Take the time time necessary to watch this movie in its entirety! You will be blessed!

 There is nothing impossible for the Lord. His word is iron clad, true and trustworthy. We must  never forget that He can and will make good on His promises.
The Story of Abram who became Abraham and Sarai who became Sarah is one that I am so fond of. 

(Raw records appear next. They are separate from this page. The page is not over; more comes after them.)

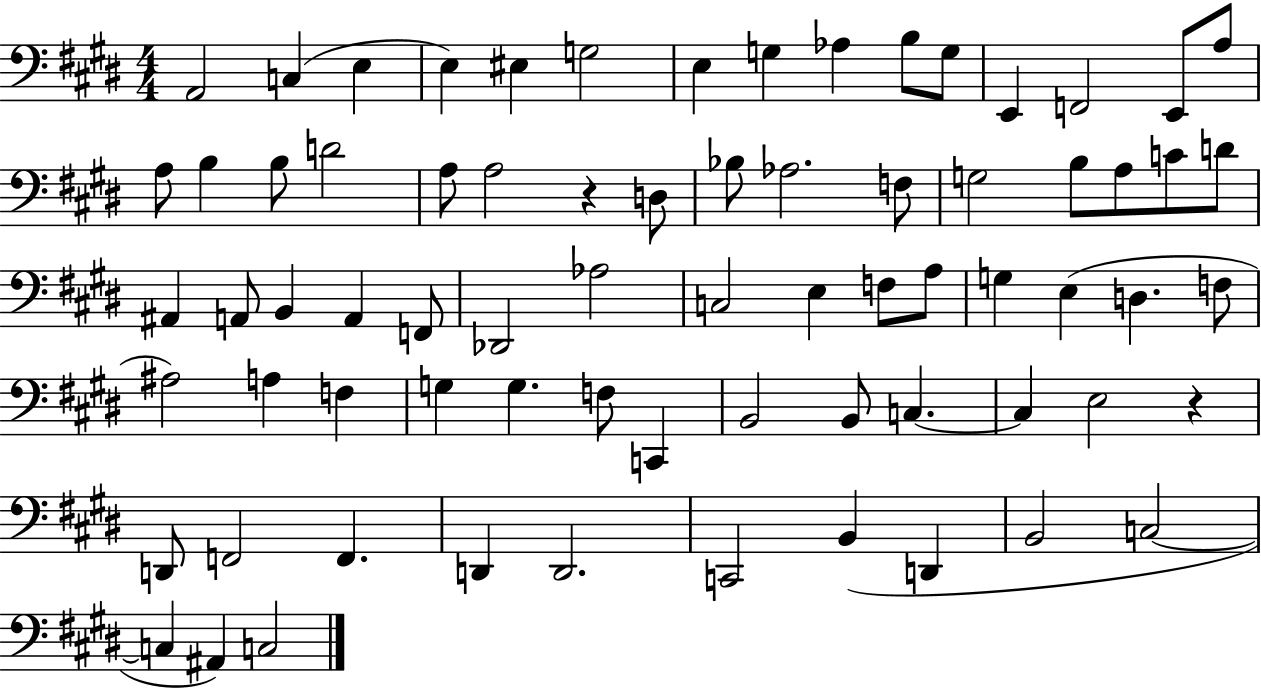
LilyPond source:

{
  \clef bass
  \numericTimeSignature
  \time 4/4
  \key e \major
  a,2 c4( e4 | e4) eis4 g2 | e4 g4 aes4 b8 g8 | e,4 f,2 e,8 a8 | \break a8 b4 b8 d'2 | a8 a2 r4 d8 | bes8 aes2. f8 | g2 b8 a8 c'8 d'8 | \break ais,4 a,8 b,4 a,4 f,8 | des,2 aes2 | c2 e4 f8 a8 | g4 e4( d4. f8 | \break ais2) a4 f4 | g4 g4. f8 c,4 | b,2 b,8 c4.~~ | c4 e2 r4 | \break d,8 f,2 f,4. | d,4 d,2. | c,2 b,4( d,4 | b,2 c2~~ | \break c4 ais,4) c2 | \bar "|."
} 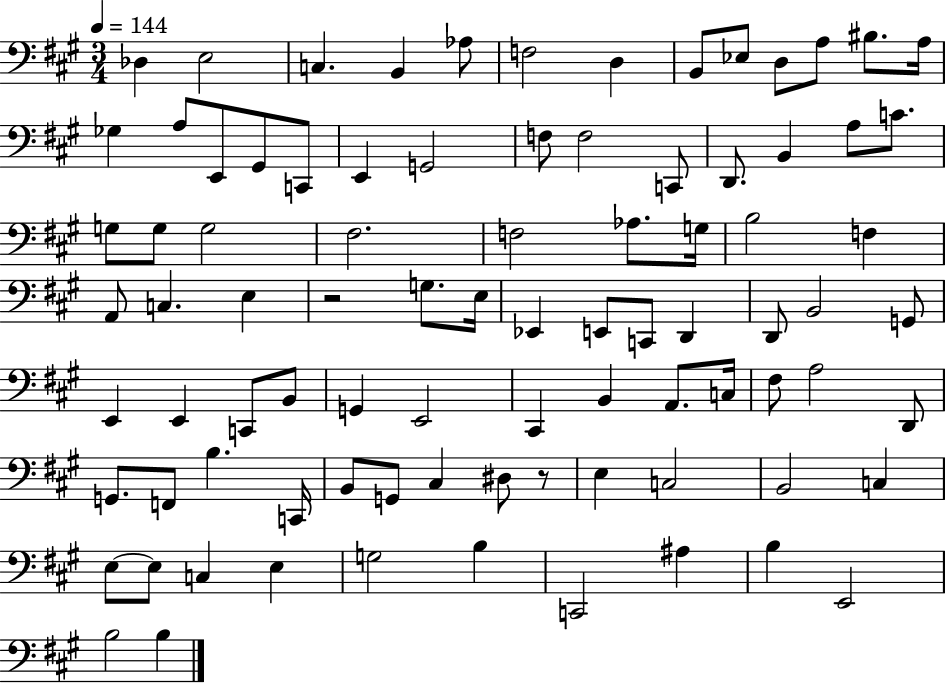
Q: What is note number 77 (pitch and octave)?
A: E3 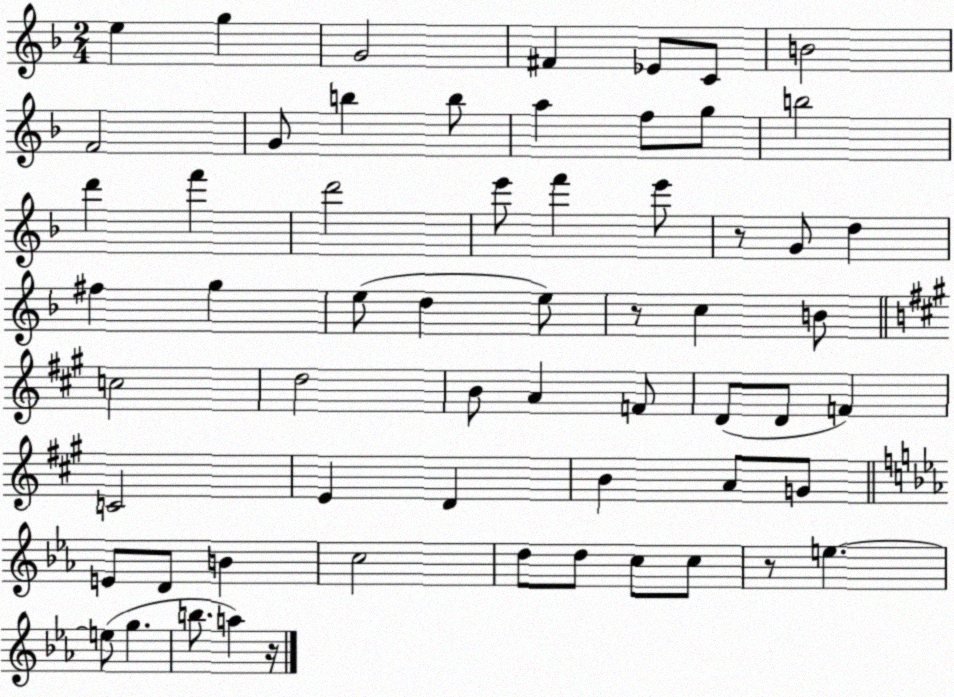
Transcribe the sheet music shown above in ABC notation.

X:1
T:Untitled
M:2/4
L:1/4
K:F
e g G2 ^F _E/2 C/2 B2 F2 G/2 b b/2 a f/2 g/2 b2 d' f' d'2 e'/2 f' e'/2 z/2 G/2 d ^f g e/2 d e/2 z/2 c B/2 c2 d2 B/2 A F/2 D/2 D/2 F C2 E D B A/2 G/2 E/2 D/2 B c2 d/2 d/2 c/2 c/2 z/2 e e/2 g b/2 a z/4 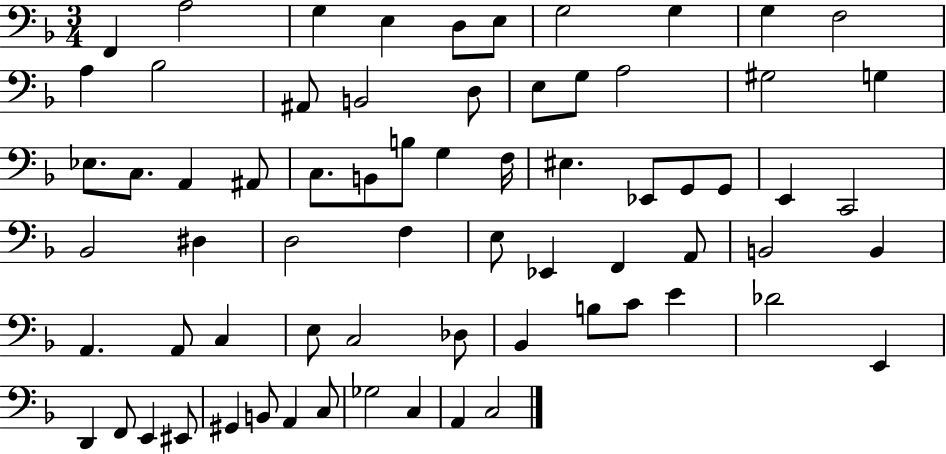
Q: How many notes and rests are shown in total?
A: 69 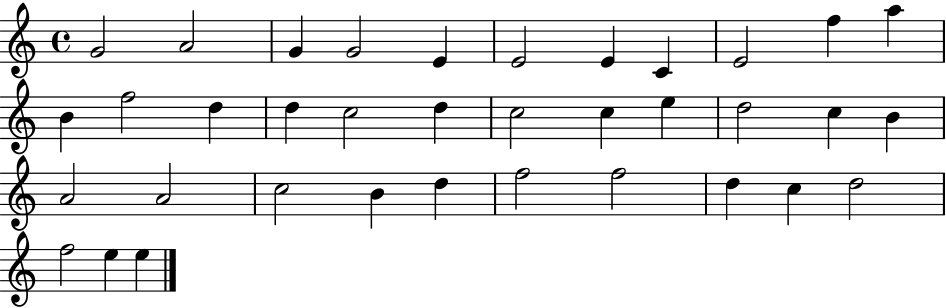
{
  \clef treble
  \time 4/4
  \defaultTimeSignature
  \key c \major
  g'2 a'2 | g'4 g'2 e'4 | e'2 e'4 c'4 | e'2 f''4 a''4 | \break b'4 f''2 d''4 | d''4 c''2 d''4 | c''2 c''4 e''4 | d''2 c''4 b'4 | \break a'2 a'2 | c''2 b'4 d''4 | f''2 f''2 | d''4 c''4 d''2 | \break f''2 e''4 e''4 | \bar "|."
} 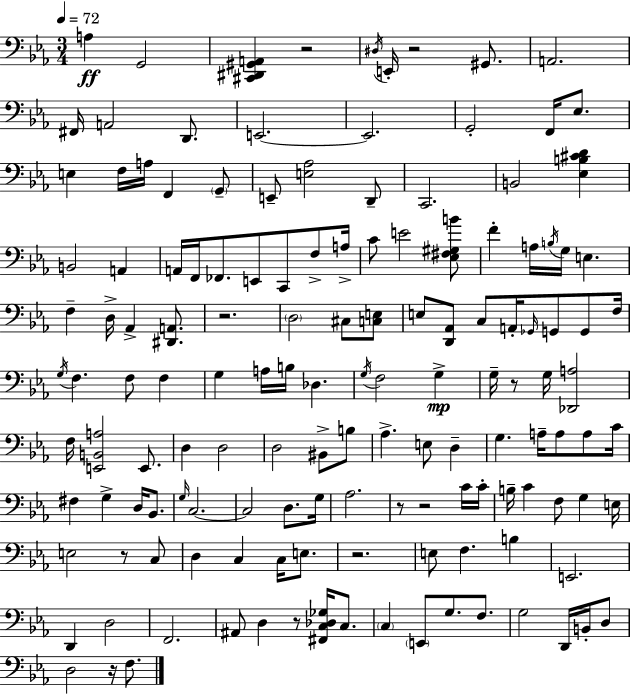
A3/q G2/h [C#2,D#2,G#2,A2]/q R/h D#3/s E2/s R/h G#2/e. A2/h. F#2/s A2/h D2/e. E2/h. E2/h. G2/h F2/s Eb3/e. E3/q F3/s A3/s F2/q G2/e E2/e [E3,Ab3]/h D2/e C2/h. B2/h [Eb3,B3,C#4,D4]/q B2/h A2/q A2/s F2/s FES2/e. E2/e C2/e F3/e A3/s C4/e E4/h [Eb3,F#3,G#3,B4]/e F4/q A3/s B3/s G3/s E3/q. F3/q D3/s Ab2/q [D#2,A2]/e. R/h. D3/h C#3/e [C3,E3]/e E3/e [D2,Ab2]/e C3/e A2/s Gb2/s G2/e G2/e F3/s G3/s F3/q. F3/e F3/q G3/q A3/s B3/s Db3/q. G3/s F3/h G3/q G3/s R/e G3/s [Db2,A3]/h F3/s [E2,B2,A3]/h E2/e. D3/q D3/h D3/h BIS2/e B3/e Ab3/q. E3/e D3/q G3/q. A3/s A3/e A3/e C4/s F#3/q G3/q D3/s Bb2/e. G3/s C3/h. C3/h D3/e. G3/s Ab3/h. R/e R/h C4/s C4/s B3/s C4/q F3/e G3/q E3/s E3/h R/e C3/e D3/q C3/q C3/s E3/e. R/h. E3/e F3/q. B3/q E2/h. D2/q D3/h F2/h. A#2/e D3/q R/e [F#2,C3,Db3,Gb3]/s C3/e. C3/q E2/e G3/e. F3/e. G3/h D2/s B2/s D3/e D3/h R/s F3/e. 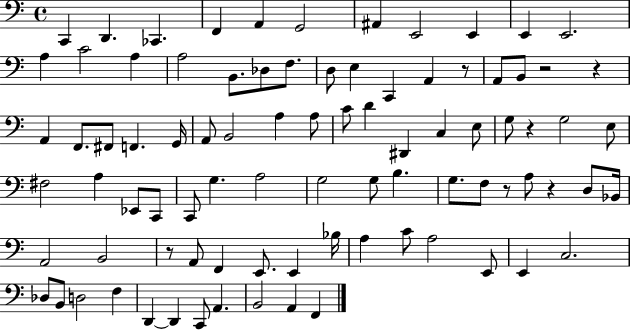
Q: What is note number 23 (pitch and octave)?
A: A2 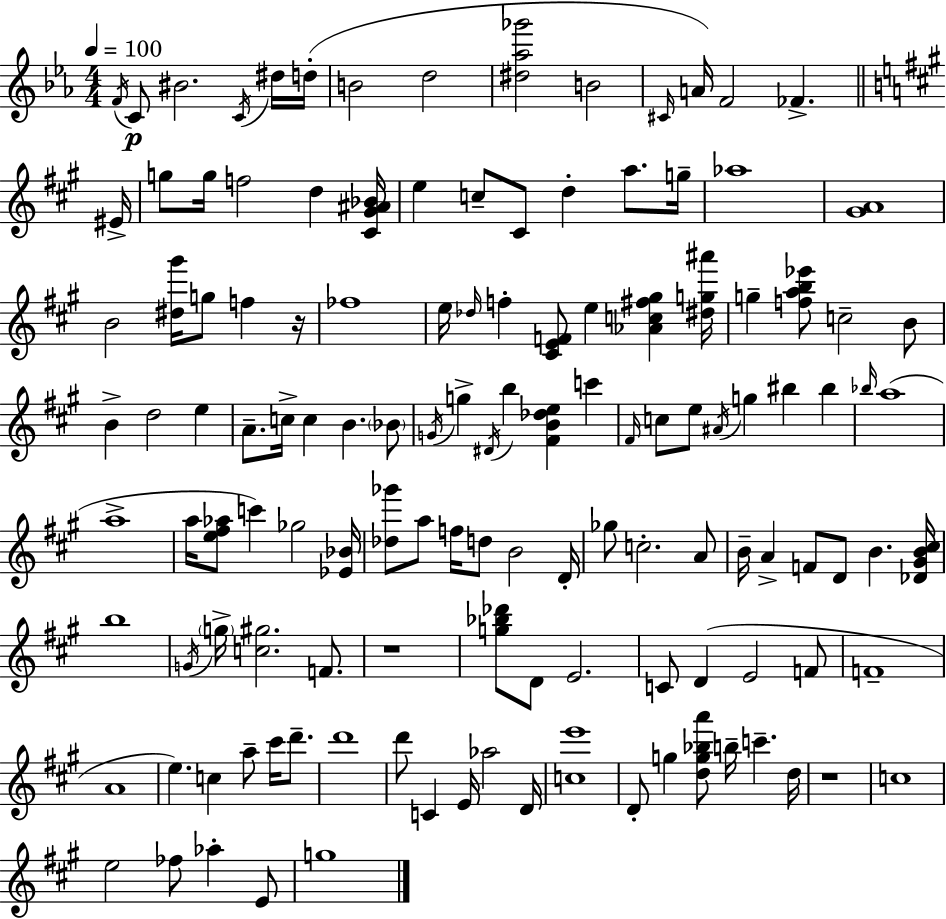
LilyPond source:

{
  \clef treble
  \numericTimeSignature
  \time 4/4
  \key ees \major
  \tempo 4 = 100
  \acciaccatura { f'16 }\p c'8 bis'2. \acciaccatura { c'16 } | dis''16 d''16-.( b'2 d''2 | <dis'' aes'' ges'''>2 b'2 | \grace { cis'16 }) a'16 f'2 fes'4.-> | \break \bar "||" \break \key a \major eis'16-> g''8 g''16 f''2 d''4 | <cis' gis' ais' bes'>16 e''4 c''8-- cis'8 d''4-. a''8. | g''16-- aes''1 | <gis' a'>1 | \break b'2 <dis'' gis'''>16 g''8 f''4 | r16 fes''1 | e''16 \grace { des''16 } f''4-. <cis' e' f'>8 e''4 <aes' c'' fis'' gis''>4 | <dis'' g'' ais'''>16 g''4-- <f'' a'' b'' ees'''>8 c''2-- | \break b'8 b'4-> d''2 e''4 | a'8.-- c''16-> c''4 b'4. | \parenthesize bes'8 \acciaccatura { g'16 } g''4-> \acciaccatura { dis'16 } b''4 <fis' b' des'' e''>4 | c'''4 \grace { fis'16 } c''8 e''8 \acciaccatura { ais'16 } g''4 bis''4 | \break bis''4 \grace { bes''16 } a''1( | a''1-> | a''16 <e'' fis'' aes''>8 c'''4) ges''2 | <ees' bes'>16 <des'' ges'''>8 a''8 f''16 d''8 b'2 | \break d'16-. ges''8 c''2.-. | a'8 b'16-- a'4-> f'8 d'8 | b'4. <des' gis' b' cis''>16 b''1 | \acciaccatura { g'16 } \parenthesize g''16-> <c'' gis''>2. | \break f'8. r1 | <g'' bes'' des'''>8 d'8 e'2. | c'8 d'4( e'2 | f'8 f'1-- | \break a'1 | e''4.) c''4 | a''8-- cis'''16 d'''8.-- d'''1 | d'''8 c'4 e'16 aes''2 | \break d'16 <c'' e'''>1 | d'8-. g''4 <d'' g'' bes'' a'''>8 | b''16-- c'''4.-- d''16 r1 | c''1 | \break e''2 | fes''8 aes''4-. e'8 g''1 | \bar "|."
} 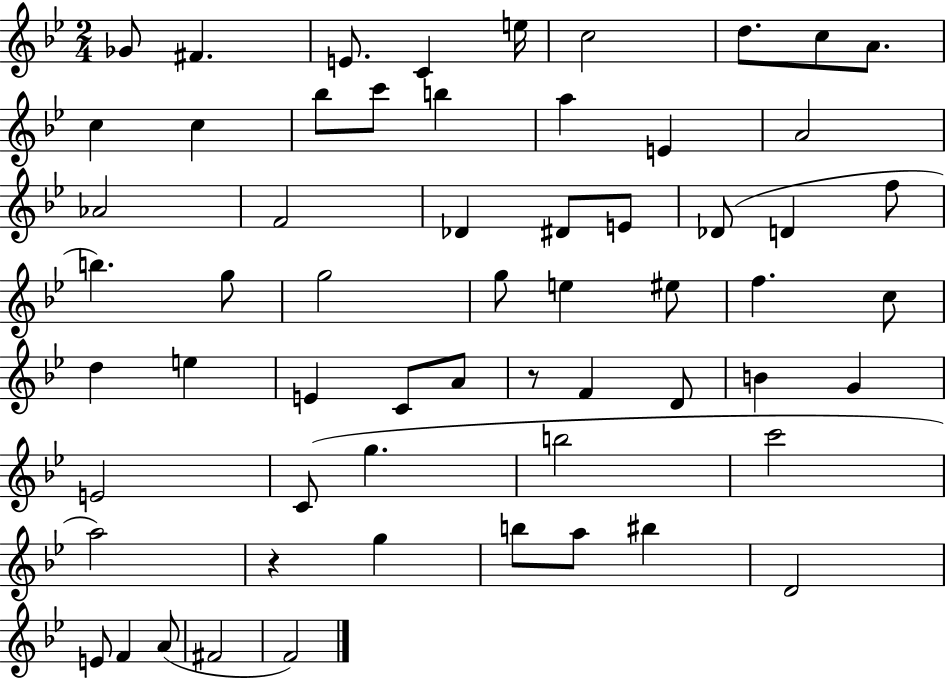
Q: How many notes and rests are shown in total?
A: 60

"Figuratively speaking, he did received him back", that is, by way of a symbol and type of the resurrection.  Put to death by his father's zeal, he came back to life at the word of the one who prevented the slaughter.  In him the type of the saving passion was also prefigured.  Hence the Lord also said to the Jews, "Your father Abraham rejoiced at the prospect of seeing my day; he saw it and was glad."  Interpretation of Hebrews 11,
Theodoret, Bishop of Cry (Cyrrhus) 393-466AD,
commenting on Hebrews 11:19
Comparisons between the "offering up" of Isaac in sacrifice found in Genesis 22:1-18, know in Hebrew as the "akeidah" [the binding] and the Passion and Resurrection of Jesus Christ:
  • Isaac and Jesus were "only, beloved" sons of a righteous father; Ishmael had been sent away in Genesis 21:14 [Genesis 22:2].
  • Both Isaac and Jesus are identified as the "son of Abraham" [see Genesis 21:3; 22:2; Matthew 1:1].
  • Both were offered in sacrifice [Genesis 22:2; John 1:29; Matthew 27:35; Mark 15:24; Luke 23:33; John 11:5019:17-18].
  • The sacrifice was offered in the land of Moriah – Jerusalem [Genesis 22:2; 2 Chronicles 3:1; Matthew 16:21-23].
  • Both sons carried the wood for their own sacrifice [Genesis 22:6; John 19:17]
  • Both were "bound" and placed on top of the wood [Genesis 22:9; John 19:18-19; Philippians 2:8].
  • Both willingly allow themselves to be offered in sacrifice [Genesis 22:7-8; Colossians 2:6-8].
  • Both sons were "resurrected" or "given back" the their fathers on the third day.  Isaac was essentially "dead" to his grieving father when God commanded him to sacrifice his son.  On the "third day" God provided another sacrifice and his son was restored.  God's son died on the Cross and was resurrected on the third day! [Genesis 22:4; Matthew 16:21; 17:23; 20; 19; Mark 9:31; 10:34; Luke 9:22; 18:22; 24:7, 44-47; Acts 10:40; 1 Corinthians 15:4].

Genesis 12:2

And I will make of thee a great nation, and I will bless thee, and make thy name great; and thou shalt be a blessing:

Neither shall thy name any more be called Abram, but thy name shall be Abraham; for a father of many nations have I made thee.

Genesis 17:5
And God said unto Abraham, As for Sarai thy wife, thou shalt not call her name Sarai, but Sarah shall her name be.